■ RECORDED INFORMATION:
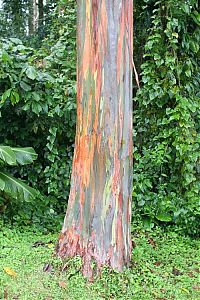 Fauna & Flora: Rainbow Eucalyptus, Mindanao Gum, New Guinea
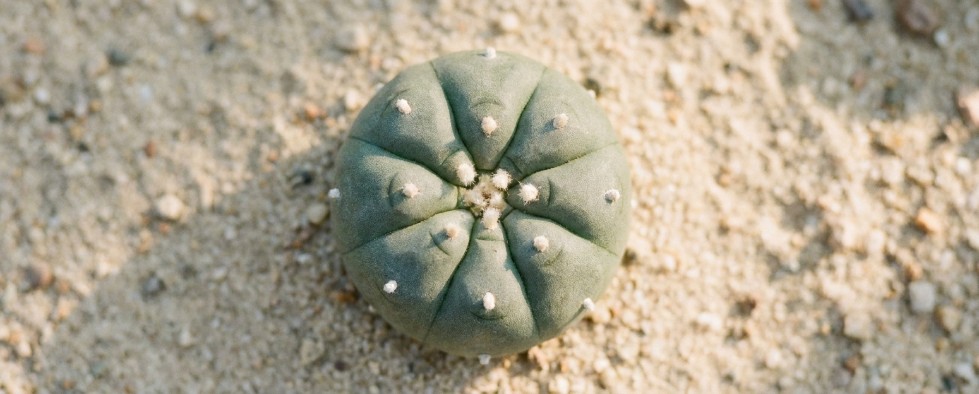 Lophophora williamsii Peyote cactus close-up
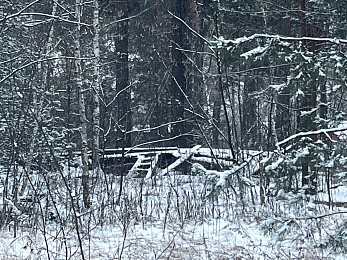 В рязанском лесу сфотографировали заброшки и лестницу в никуда - 62ИНФО В рязанском лесу сфотографировали заброшки и лестницу в никуда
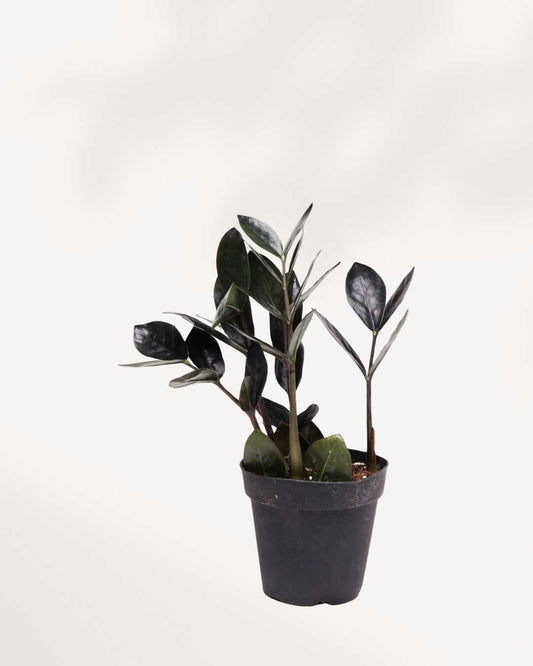 ZZ Raven | Zamioculcas Black Raven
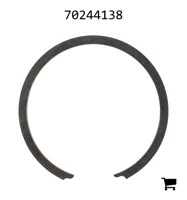 AGCO 70244138 Кольцо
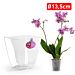 VASO QUADRATO ORCHIDPlastic Forte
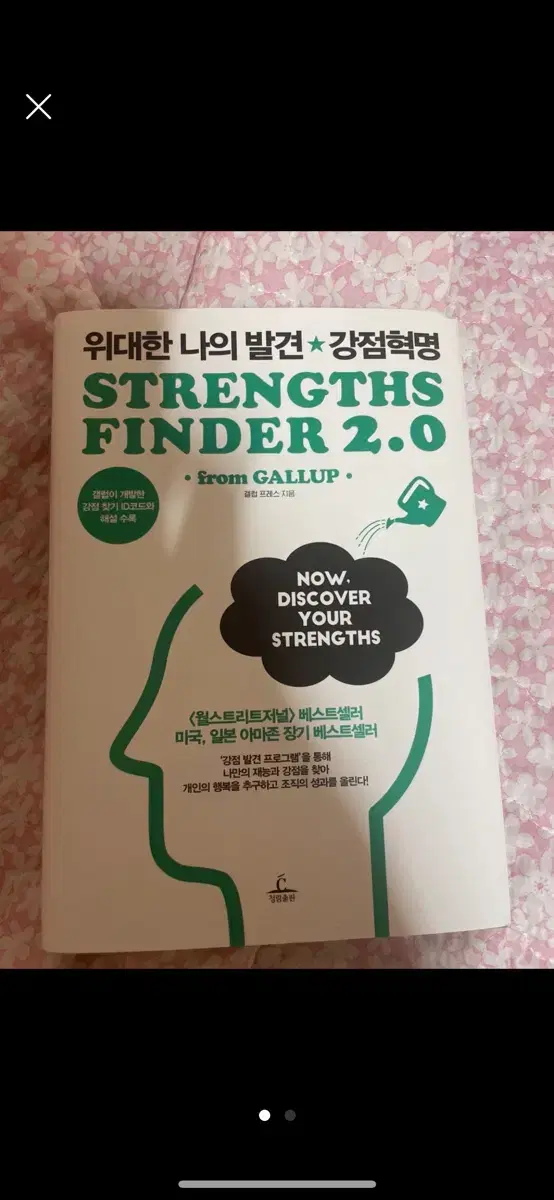 위대한 나의 발견 강점혁명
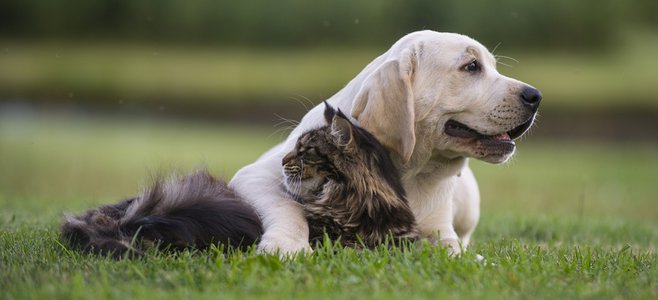 cat-and-puppy-friendship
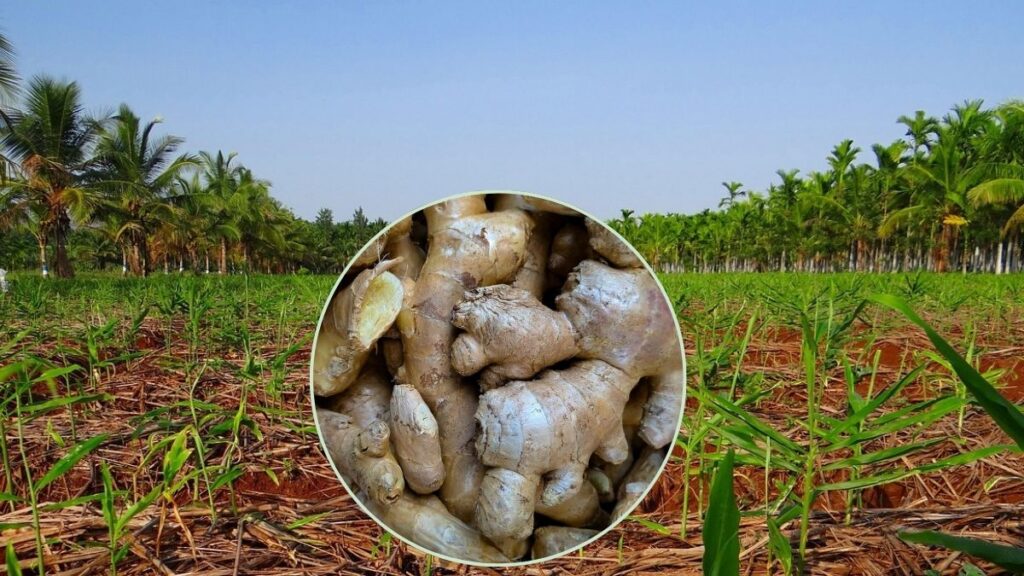 ginger crop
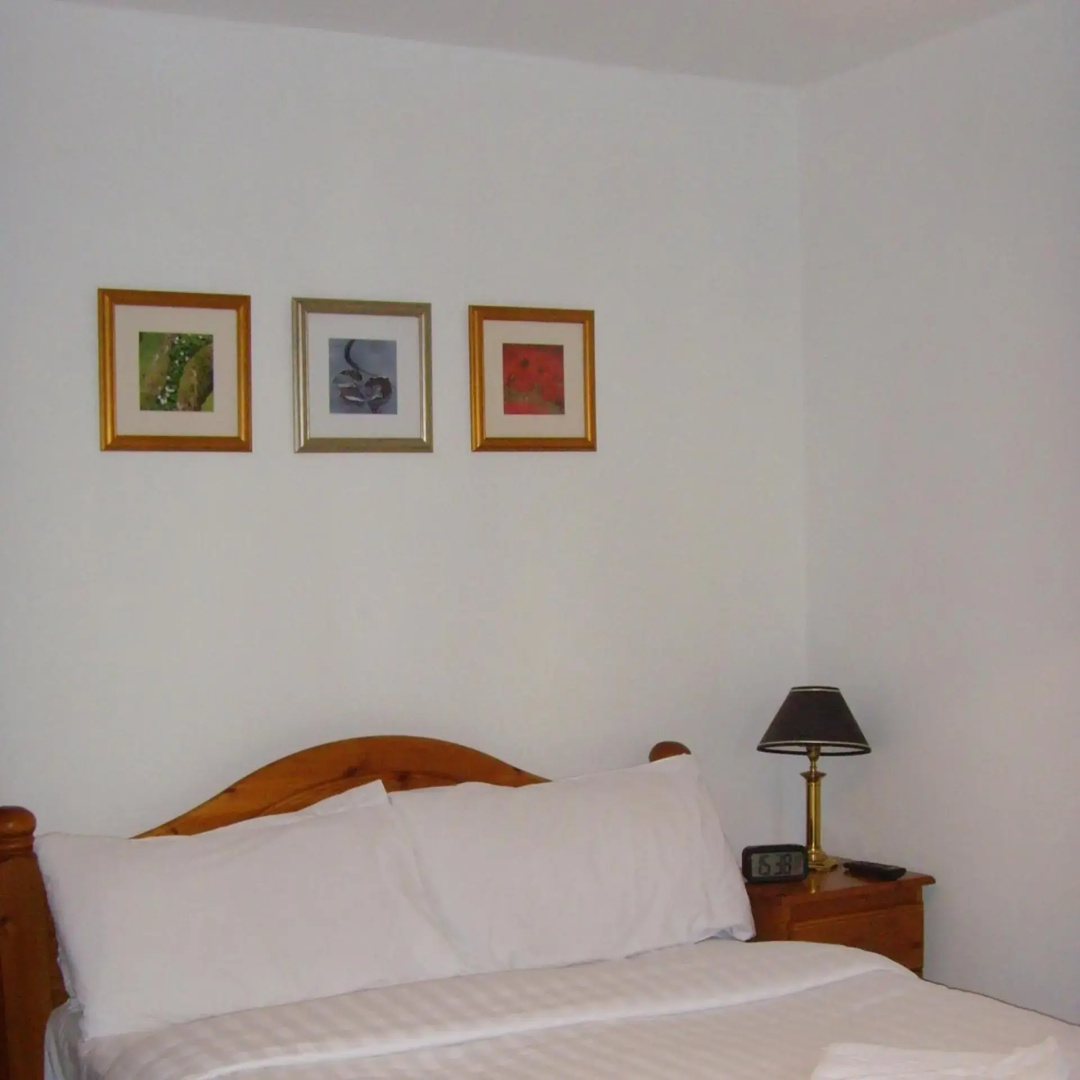 Photo - Twin Lions Hotel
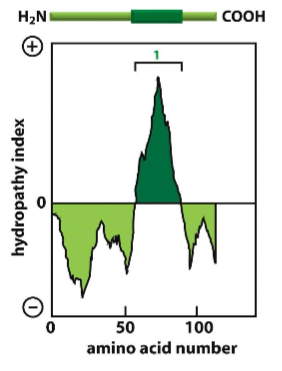 <p>How do you create a hydropathy plot?</p>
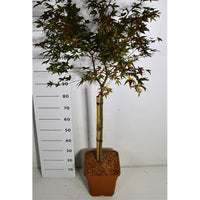 Japansk lönn – Acer palmatum 'Beni-maiko' - C15 60 cm. Stam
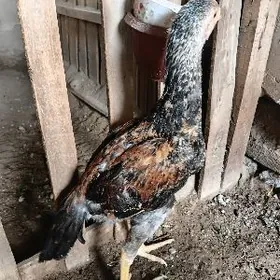 juje horaz towuk per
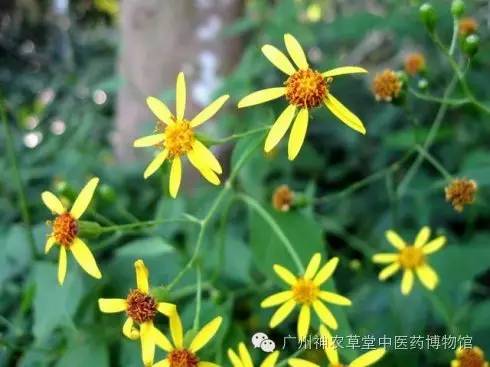 家有千里光一生不生疮是什么意思,家有千里光不生疮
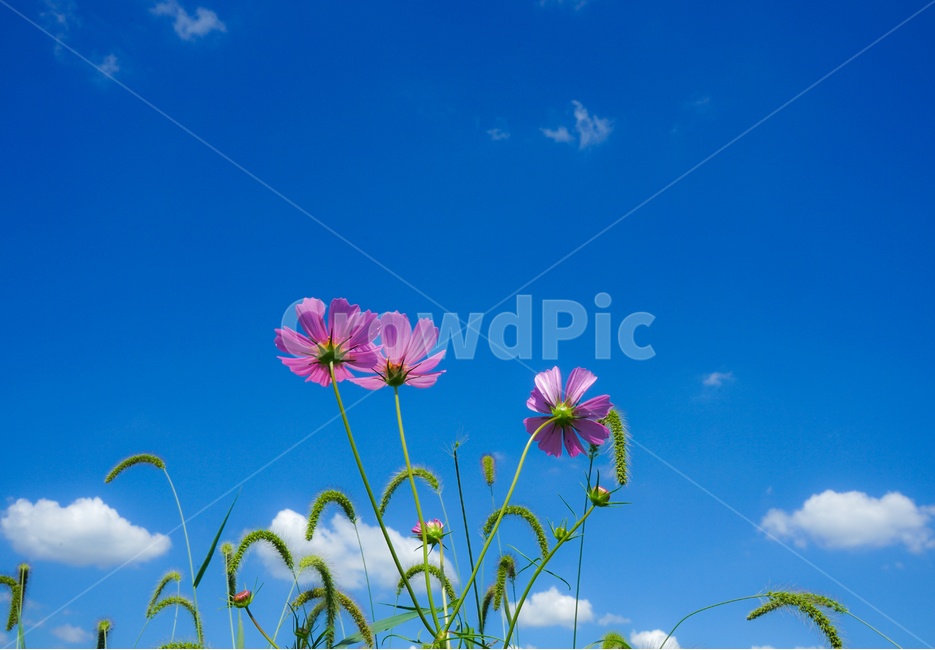 코스모스,꽃,가을,하늘,식물,구름,가을,계절,fall,autumn,season,식물,자연,plants,nature,꽃,flower,plant
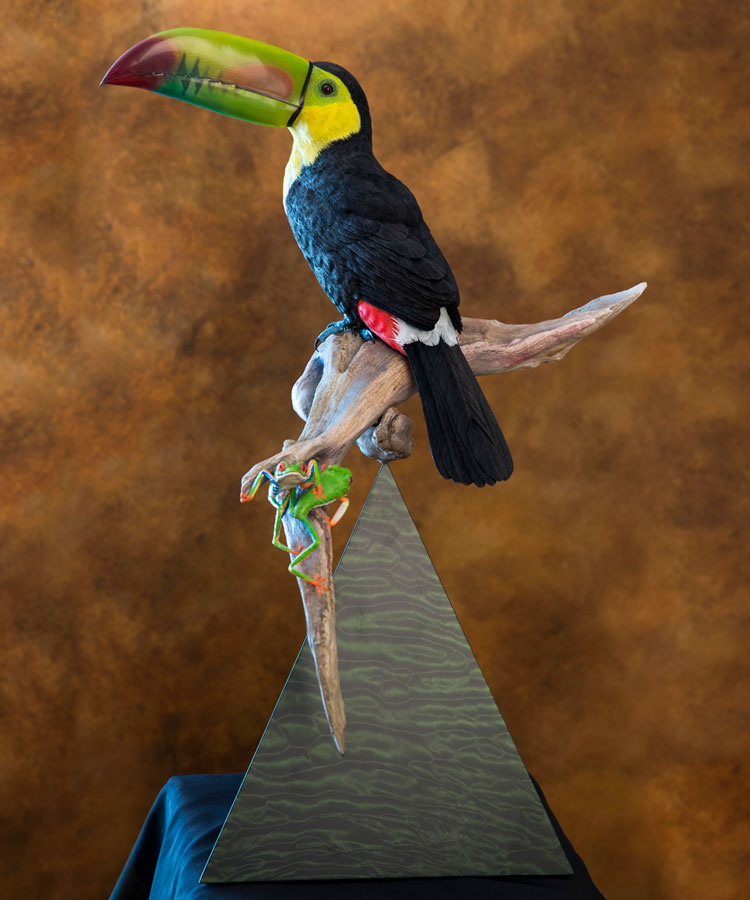 Keel Billed Toucan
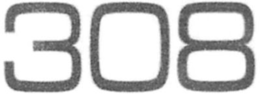 308 trademark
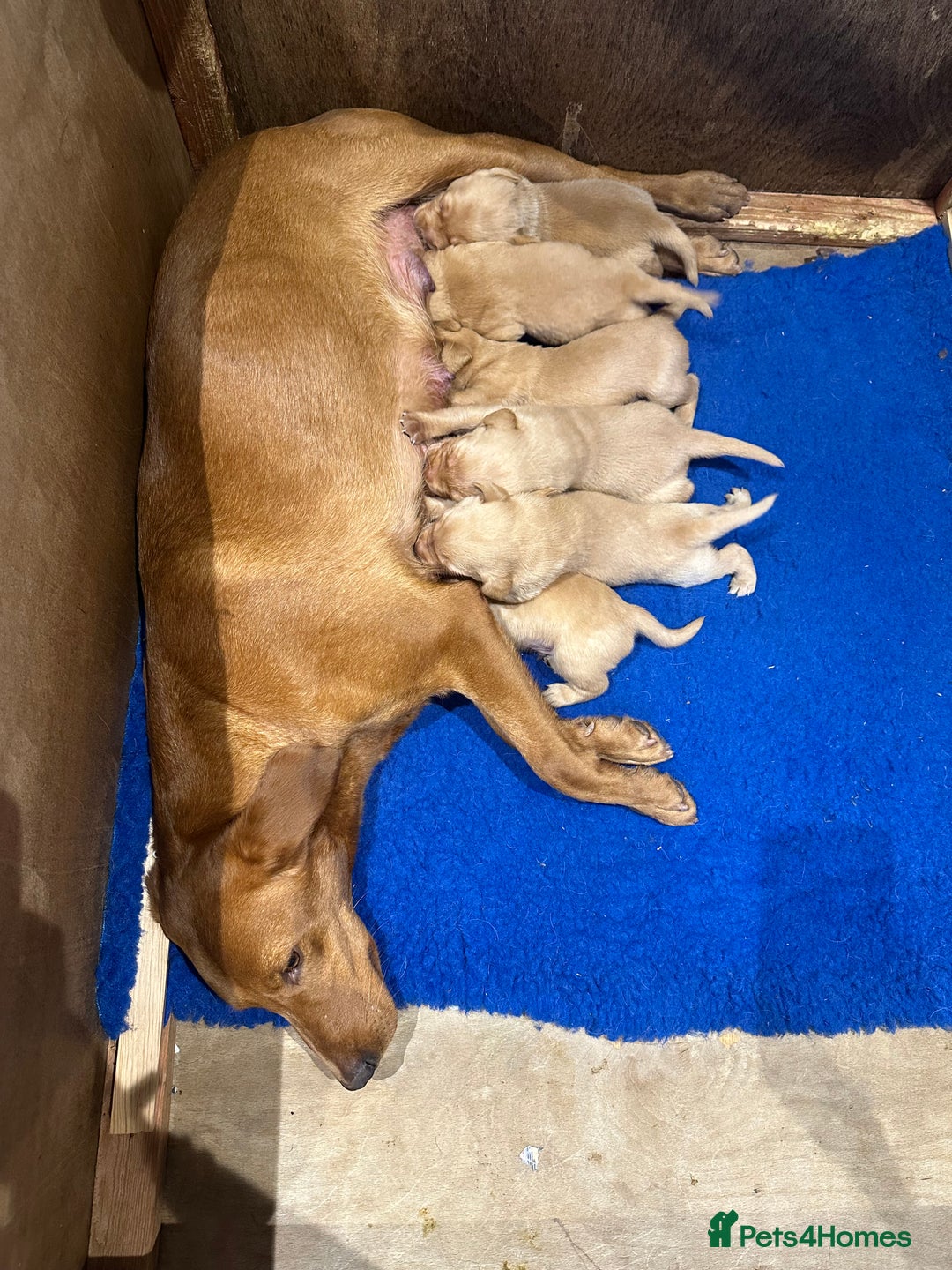 Labrador Retriever dogs for sale: Handsome KC Labrador boy 💙 - Image 5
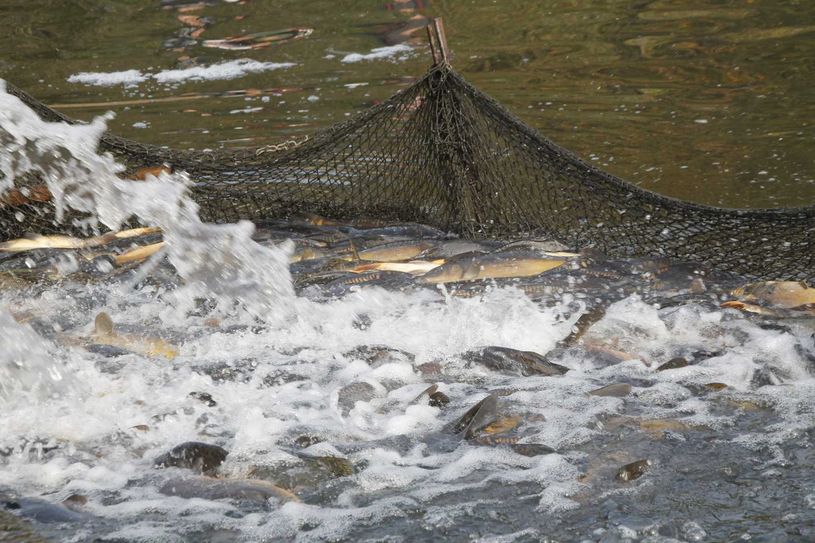 Die Karpfenwochen, die dem schmackhaften Speisefisch zu neuem Glanz verhelfen sollen, finden dieses Jahr zum zweiten Mal statt. Foto: jho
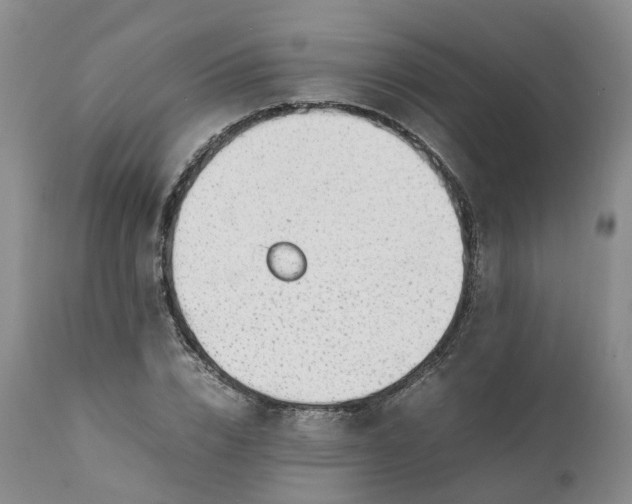 X0000111370832200907241244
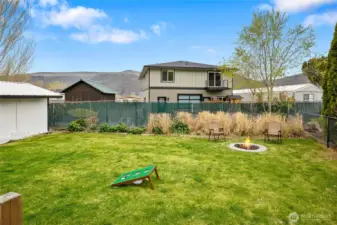 Long grass growing along the fence line to add privacy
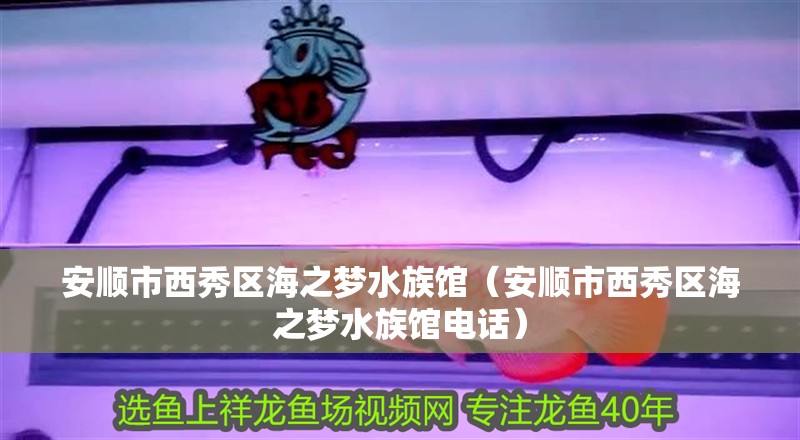 安順市西秀區海之夢水族館（安順市西秀區海之夢水族館電話）
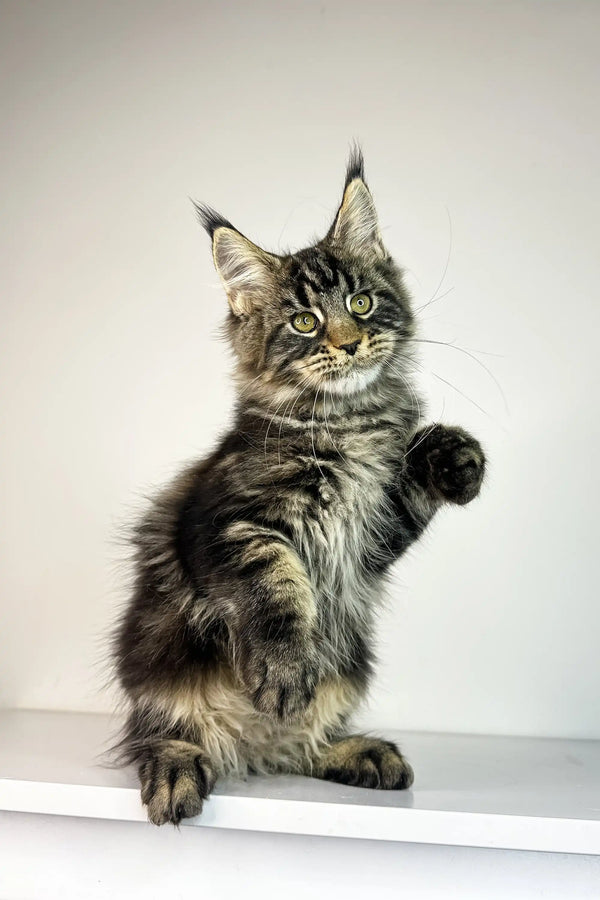 Maine Coon kitten with striped gray fur sitting upright and raising a paw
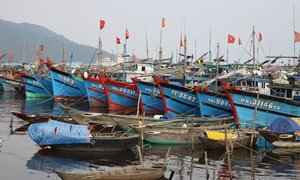 Hà Tĩnh kêu gọi tàu thuyền vào nơi neo đậu an toàn tránh bão số 2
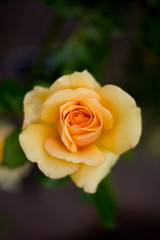 Yellow Rose Flower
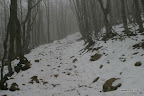 IMG_9199.JPG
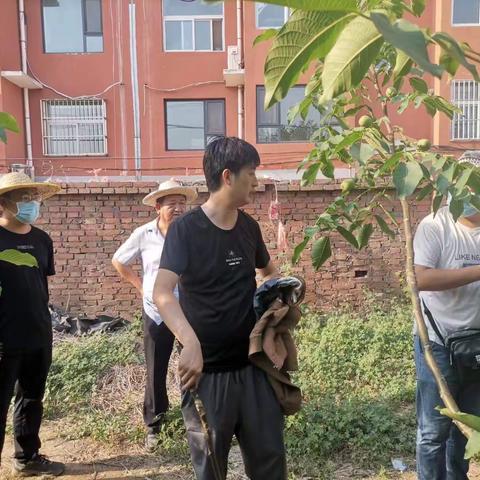 工作岗位过端午，西苑新区建设不停歇——午汲镇在行动！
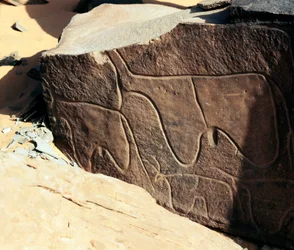 Forhistorie, klippekunst: gravsten af repræsentationen af kvæg. Tazina stil. Stenalder 5000-2000 f.Kr. Taghit, Haut plateau du Hoggar (Ahaggar), Algeriet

■ PROBLEM REQUIREMENTS: Copy the listing above exactly, minus the pictures.

■ WRITTEN REPLY:
 Fauna & Flora: Rainbow Eucalyptus, Mindanao Gum, New Guinea
 Lophophora williamsii Peyote cactus close-up
 В рязанском лесу сфотографировали заброшки и лестницу в никуда - 62ИНФО В рязанском лесу сфотографировали заброшки и лестницу в никуда
 ZZ Raven | Zamioculcas Black Raven
 AGCO 70244138 Кольцо
 VASO QUADRATO ORCHIDPlastic Forte
 위대한 나의 발견 강점혁명
 cat-and-puppy-friendship
 ginger crop
 Photo - Twin Lions Hotel
 <p>How do you create a hydropathy plot?</p>
 Japansk lönn – Acer palmatum 'Beni-maiko' - C15 60 cm. Stam
 juje horaz towuk per
 家有千里光一生不生疮是什么意思,家有千里光不生疮
 코스모스,꽃,가을,하늘,식물,구름,가을,계절,fall,autumn,season,식물,자연,plants,nature,꽃,flower,plant
 Keel Billed Toucan
 308 trademark
 Labrador Retriever dogs for sale: Handsome KC Labrador boy 💙 - Image 5
 Die Karpfenwochen, die dem schmackhaften Speisefisch zu neuem Glanz verhelfen sollen, finden dieses Jahr zum zweiten Mal statt. Foto: jho
 X0000111370832200907241244
 Long grass growing along the fence line to add privacy
 安順市西秀區海之夢水族館（安順市西秀區海之夢水族館電話）
 Maine Coon kitten with striped gray fur sitting upright and raising a paw
 Hà Tĩnh kêu gọi tàu thuyền vào nơi neo đậu an toàn tránh bão số 2
 Yellow Rose Flower
 IMG_9199.JPG
 工作岗位过端午，西苑新区建设不停歇——午汲镇在行动！
 Forhistorie, klippekunst: gravsten af repræsentationen af kvæg. Tazina stil. Stenalder 5000-2000 f.Kr. Taghit, Haut plateau du Hoggar (Ahaggar), Algeriet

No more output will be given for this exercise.